The part that stings
Here’s what makes the deli scene even more brilliant: Sally does it to prove Harry wrong, yes. But she’s also revealing how stuck she is in the performance herself.
She knows how to fake it so well because she’s had so much practice.
The question isn’t whether Harry can tell when women fake it. The question is, why have women learned to fake it so convincingly?
And the deeper question: What would happen if we stopped?
What I’ll have
When that woman says, “I’ll have what she’s having,” the joke is that she wants what looks good, not what’s actually real.
But what if we started asking for the reality instead?
What if we stopped performing satisfaction and started actually experiencing it?
What if we told the truth about what we want, what we need, what actually feels good?
What if we let other people feel disappointed rather than performing contentment we don’t feel?
That’s the real work.
Not faking it better.
Stopping the fake entirely.
Your performance has been impeccable.
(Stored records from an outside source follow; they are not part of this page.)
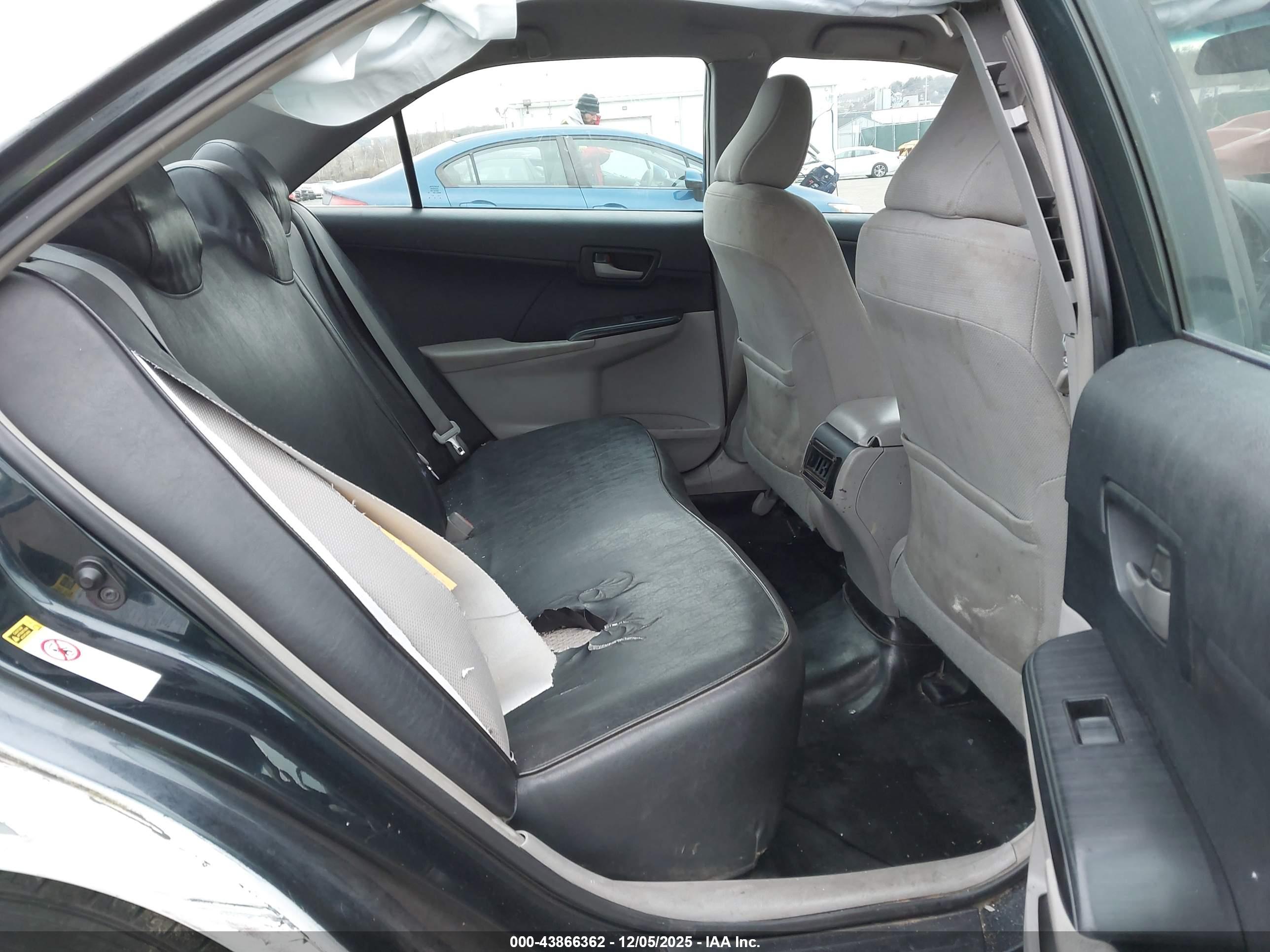TOYOTA CAMRY image 8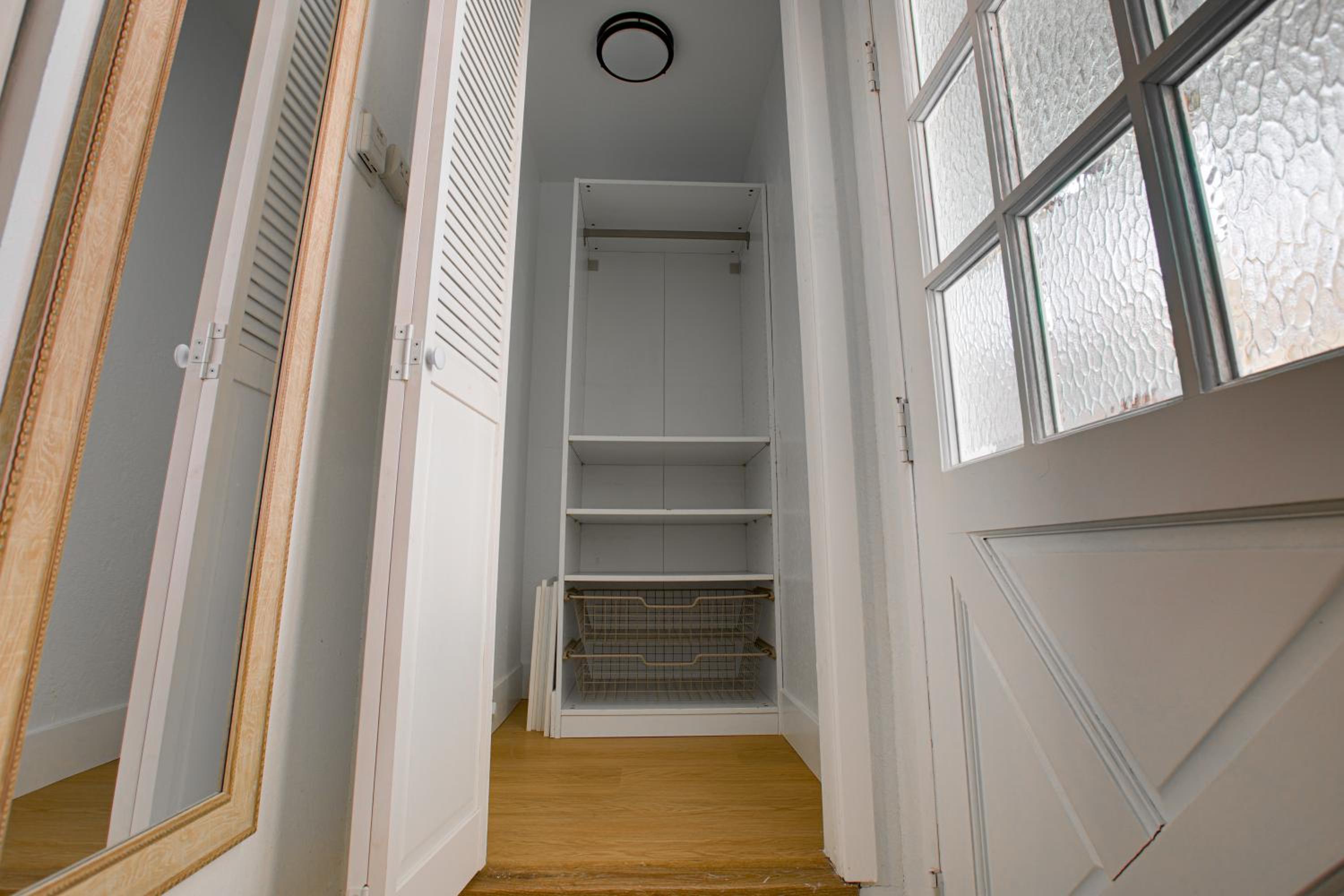 Cozy Private Studio in Granada Hills Near CSUN, Universal - Property Image 27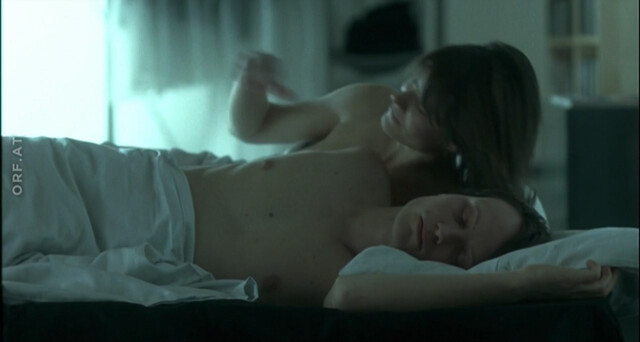 Pia Hierzegger nude – Slumming (2006)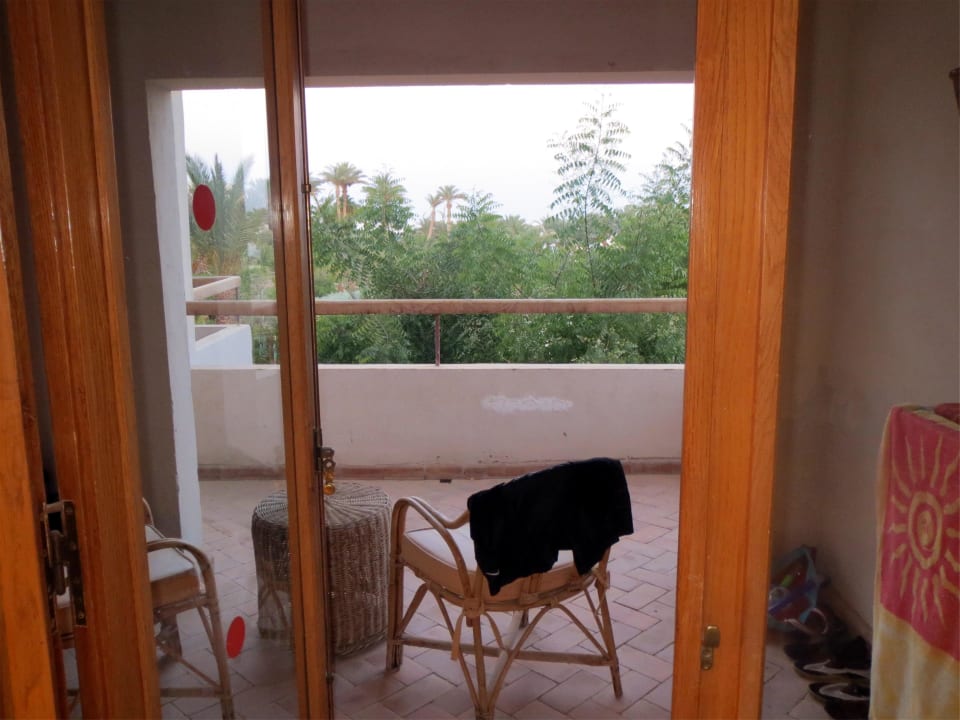 Blick zum Balkon Fort Arabesque Resort, Spa & Villas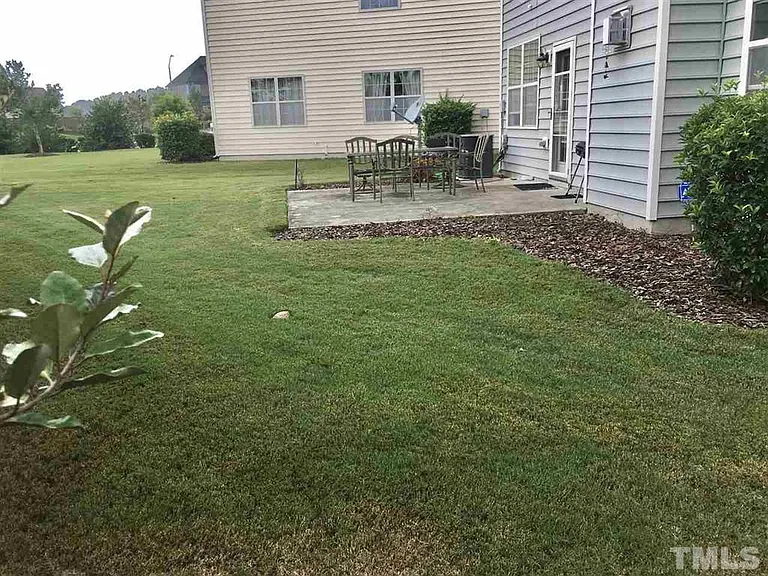 Flat Spacious Backyard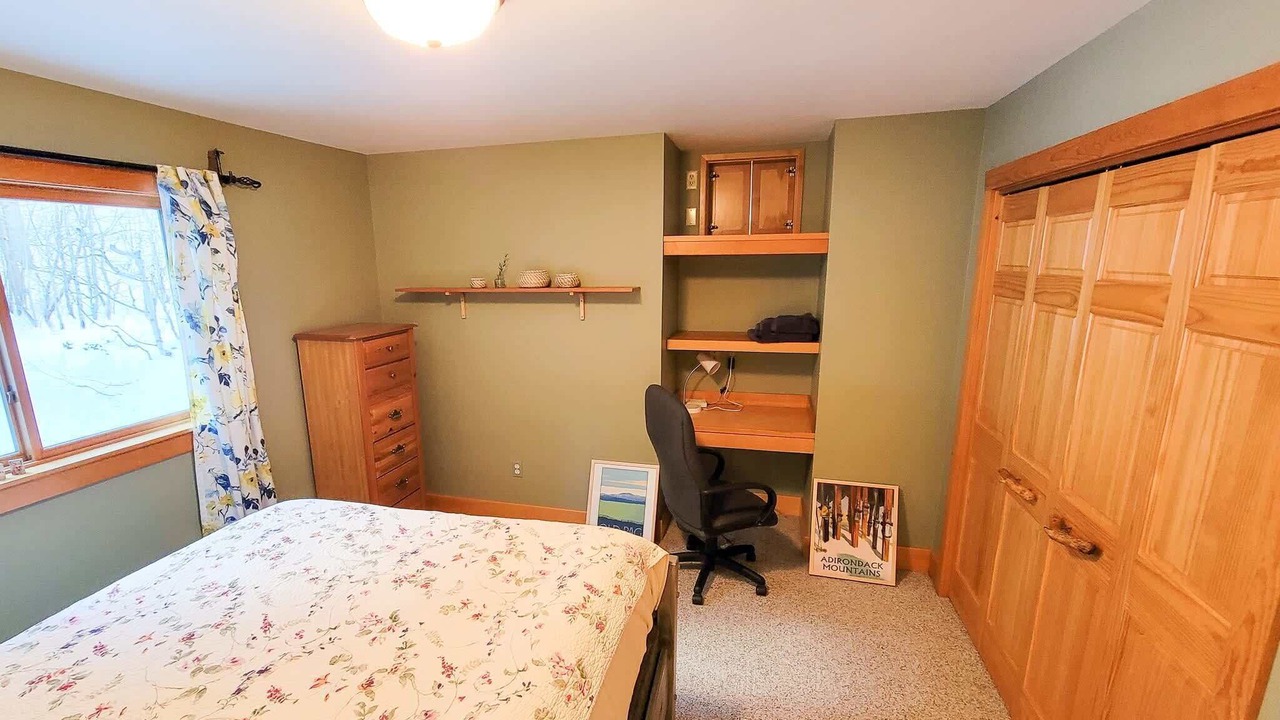 Photo of Bedroom in Mazama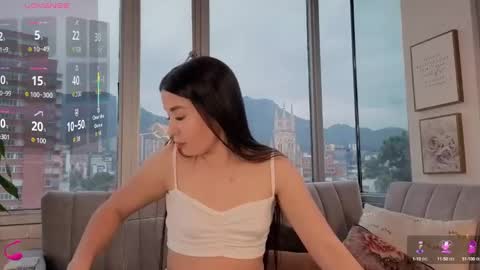 Snapshot of ivanna_west chatting on 09.29.25 Ivanna West online show from 09.29.25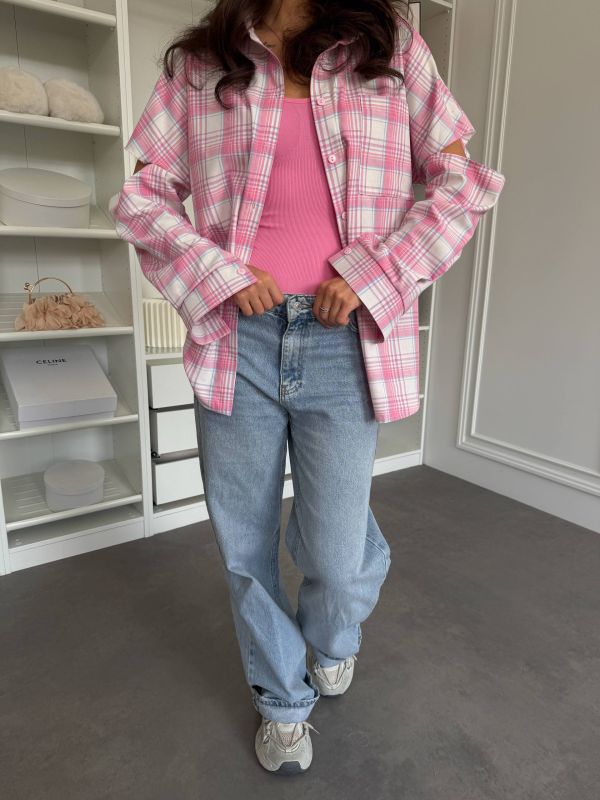 Рубашка клетка с рваными рукавами (oversize) розового цвета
It’s gotten you this far.
But it’s costing you everything that matters.
The question isn’t whether you can keep performing.
It’s whether you’re willing to stop.
What are you still performing? Where are you faking satisfaction to keep someone else comfortable? I want to hear about it.
I’m reading every word here. Can’t get to everyone, but thank you for sharing.
I’m building a space for women who are done performing. If this resonated with you, stick around. There’s more where this came from, and we’re just getting started.



That is the question- are you willing to stop? Yes but at 84 I feel so hard-wired that I wonder if I can. My coming to truth moment started in my late 60s but I realiza how much I still people-please but not as much at the expense of myself….so I have to celebrate that and keep trying. Working on the pause thing to decide what I really want to say or do. Onward! 🤪
Post-menopause , I stopped performing. My spouse promptly discarded me for a sweet young thing in her twenties, with that tired old “my wife doesn’t understand me… I don’t know that she ever really loved me “ trope. So lame.